Bob Barker - American Icon and Host Of "Price Is Right" Retires - Video

I now know I've been around a bit when this happens. I have grown up with Bob Barker, patted myself on the back for rightly guessing a price, dreaming that I was the winner of the showcase, and drolling over the Price Is Right girls. Well, the last part of that remains, but Barker, the real symbol of the show and an American icon, has retired. Here's an article by E! Online and selected YouTube Clips to celebrate Bob Barker.

Bob Barker Retiring
by Natalie Finn - E!Online

Tue, 31 Oct 2006 06:44:50 PM PST

The price isn't going to be quite as right come next June.

Bob Barker announced Tuesday he will retire in 2007 after 50 years in television, 35 of which he spent as the host of The Price Is Right.

"I will be 83 years old on Dec. 12, and I've decided to retire while I'm still young," the famed daytime personality told the Associated Press. "I've gone on and on to this ancient age because I've enjoyed it.

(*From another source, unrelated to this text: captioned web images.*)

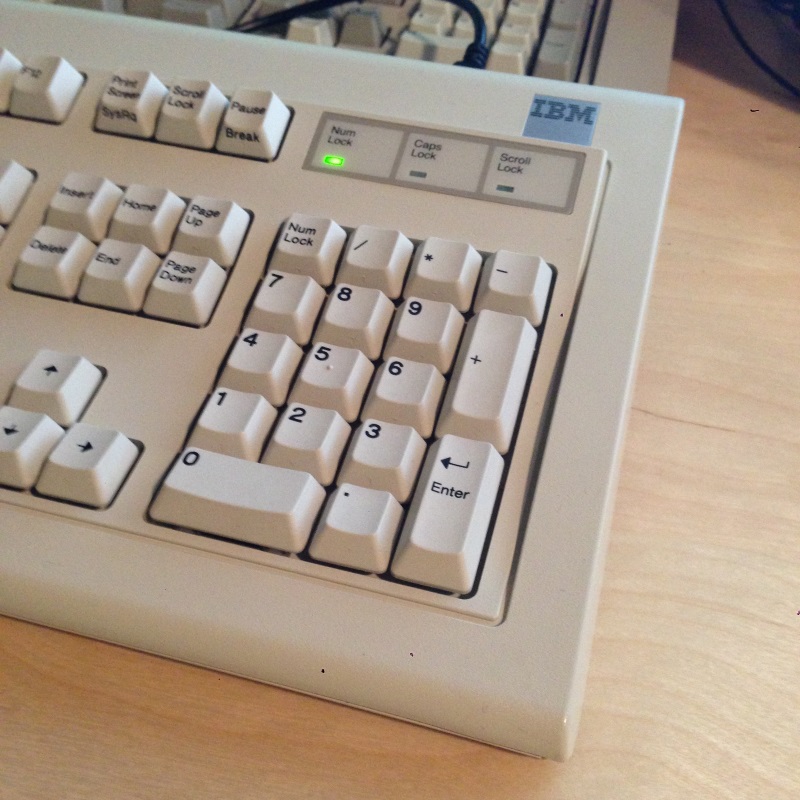 Another shot showing numpad.  Notice how the keys are all white, like a Wheel Writer III.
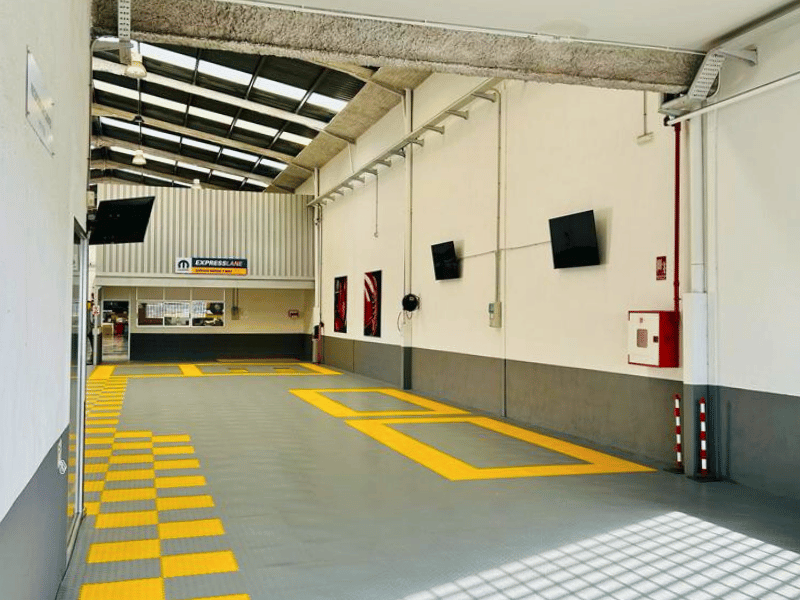 Image de l’article “Revêtement de Sols pour Garage : Les Dalles PVC Clipsables, un Choix Idéal” – Matted.fr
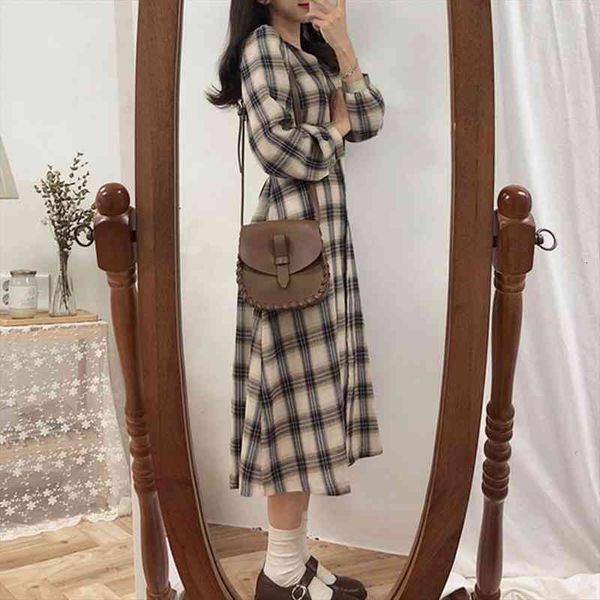 fashion plaid long sleeve midi womens dresses v neck spring autumn waist tied a-line retro chic simple for school, Black;gray
fashion plaid long sleeve midi womens dresses v neck spring autumn waist tied a-line retro chic simple for school, Black;gray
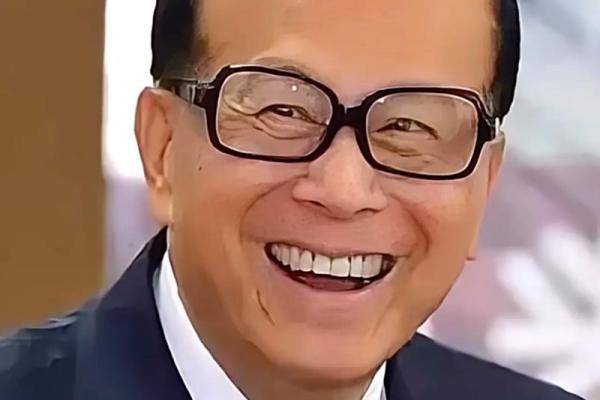 李嘉诚的八字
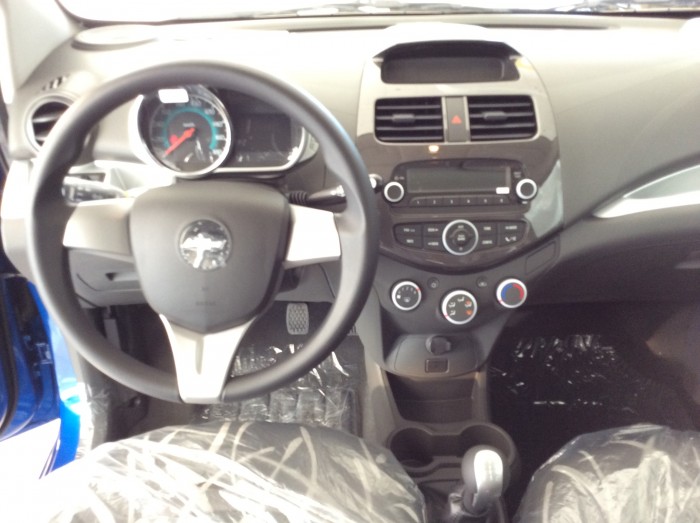 Bán xe chevrolet giá cạnh tranh , spark duo 2016 MT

I've thoroughly enjoyed it, and I'm going to miss it."

While Barker has considered hanging it up for the past 10 years, he said he's been having too much fun to walk away for good, but he figured reaching his golden anniversary was an "appropriate" time.

"I'm just reaching the age where the constant effort to be there and do the show physically is a lot for me," he said, sounding a bit like another TV icon who announced his intention to slow down after half a century on the air, 60 Minutes' Mike Wallace.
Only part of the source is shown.